Members of Parliament (MPs) yesterday started debate on government’s proposal to borrow K9 billion (US$21 897 810) from the African Development Fund (ADF) to partly finance drilling of 450 boreholes and construction of 166 toilets at trading centres and markets across the country.
Minister of Finance, Economic Planning and Development Goodall Gondwe tabled the Loan Authorisation Bill which he said seeks to spur social and economic growth to improve health of the marginalised rural population.
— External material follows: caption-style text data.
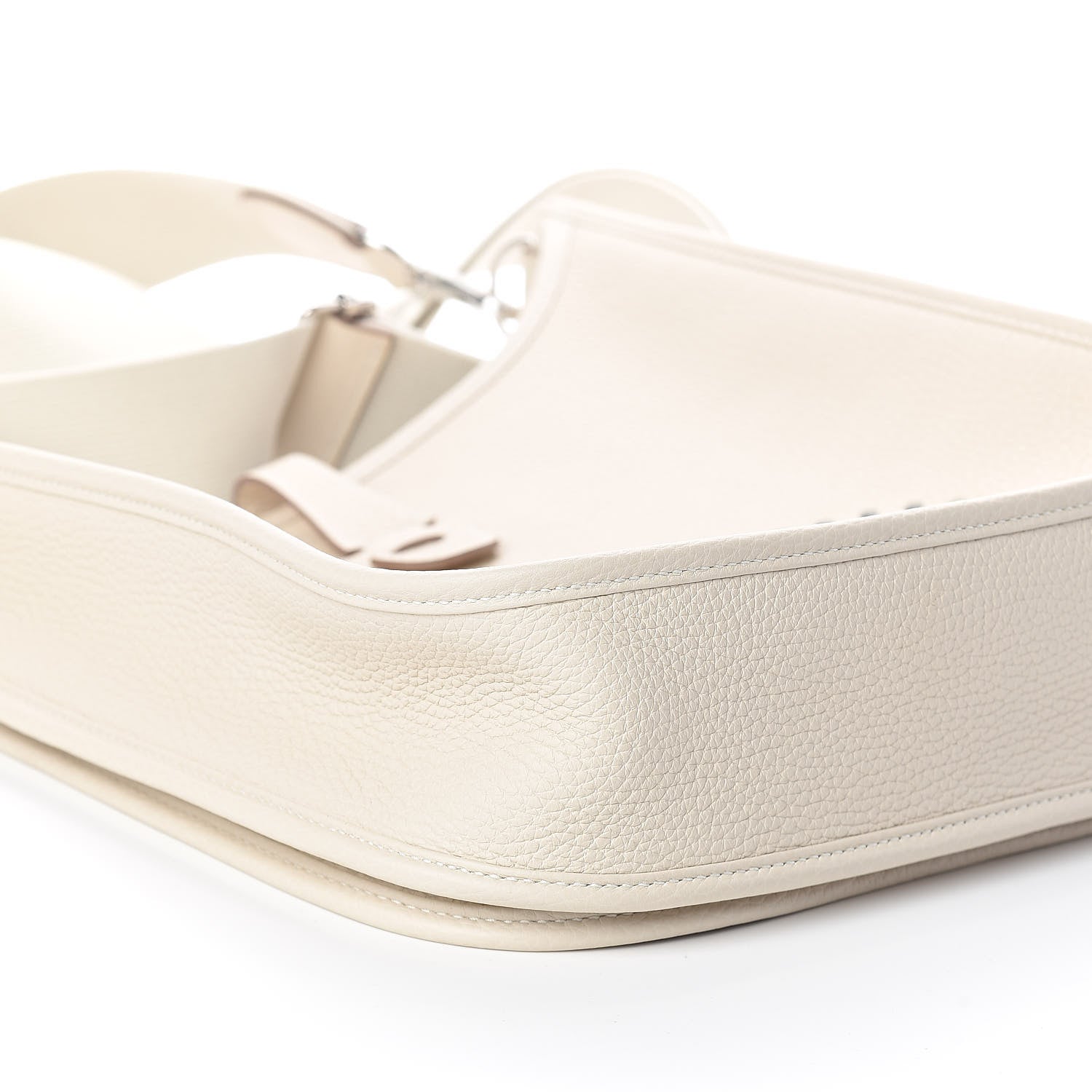 Hermes Taurillon Clemence Evelyne III PM Craie 9 of 10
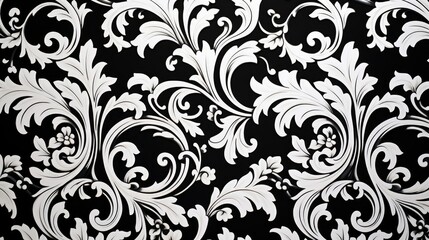 design black and white damask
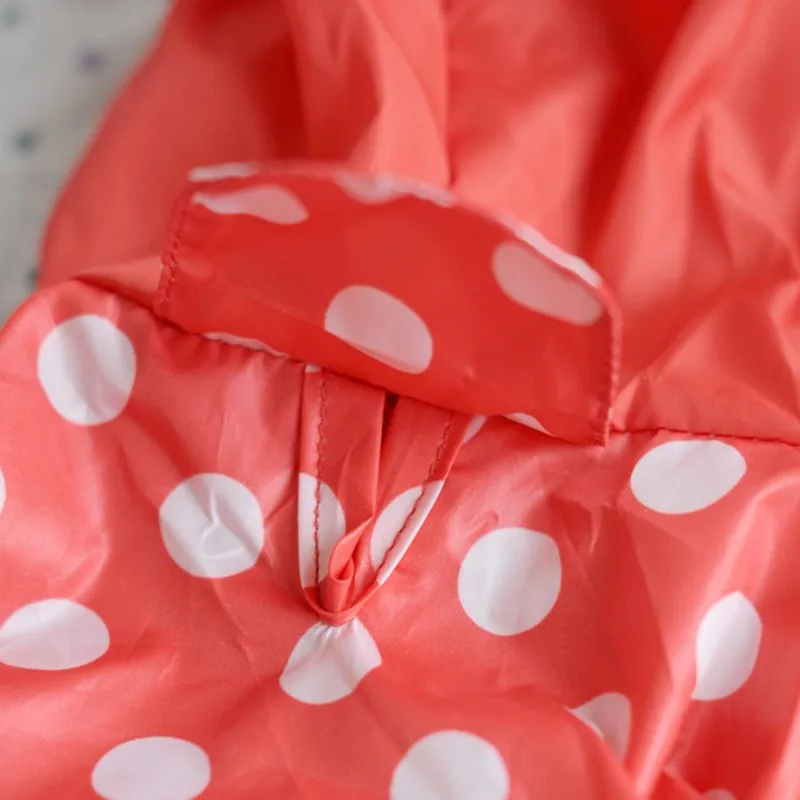 Дождевик для домашних животных водонепроницаемая одежда в горошек маленьких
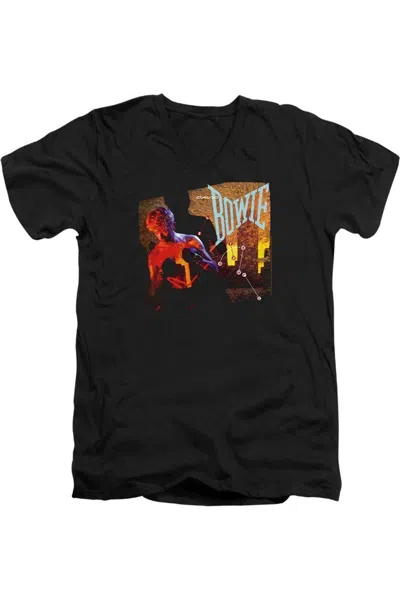 Gildan David Bowie Lets Dance Short Sleeve Adult V Neck Premium Cotton Tee / T-shirt In Black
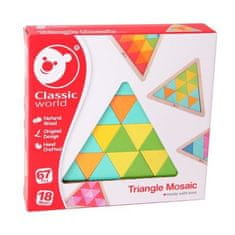 Classic world Leseni mozaik trikotnik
The project, which will be implemented in Rumphi, Nkhotakota, Ntcheu, Phalombe and Mangochi at a cost of K15.4 billion (US$37 469 586.4), will have three components, including capacity building and project management.
Said Gondwe: “Under the component of water infrastructure development, there will be rehabilitation of 12 gravity-fed water supply systems and construction of 450 boreholes not covered by the gravity-fed systems.”
The second component will promote sanitation and hygiene through construction of 166 toilets in markets and trading centres by sex and to include those for the physically disabled.
The loan from ADF would also be used to construct staff houses and develop training and monitoring and evaluation systems.
Government is expected to borrow an additional $7.5 million from the African Development Bank (AfDB) through the Nigeria Trust Fund and a grant of $4.65 million and government is expected to contribute $3.7 million in kind.
Malawians will start repaying the loans after a 10-year grace period for 30 years at a 0.5 percent interest.
Responding to the bill, Dedza East MP Juliana Lunguzi (Malawi Congress Party [MCP]) said 50 years after independence, Malawi should not be borrowing such large sums of money to build toilets.
She said: “Fifty years after independence and knowing that 30 percent of boreholes become unoperational, do we seriously think boreholes are the way to go?”
Spokesperson for MCP on agriculture, Felix Jumbe, warned that the funds borrowed should not be lost through corruption.
He said this could be done by providing MPs and district councils with detailed project information so they could trace progress on the rehabilitation of the 12 gravity fed water systems and construction of 450 boreholes.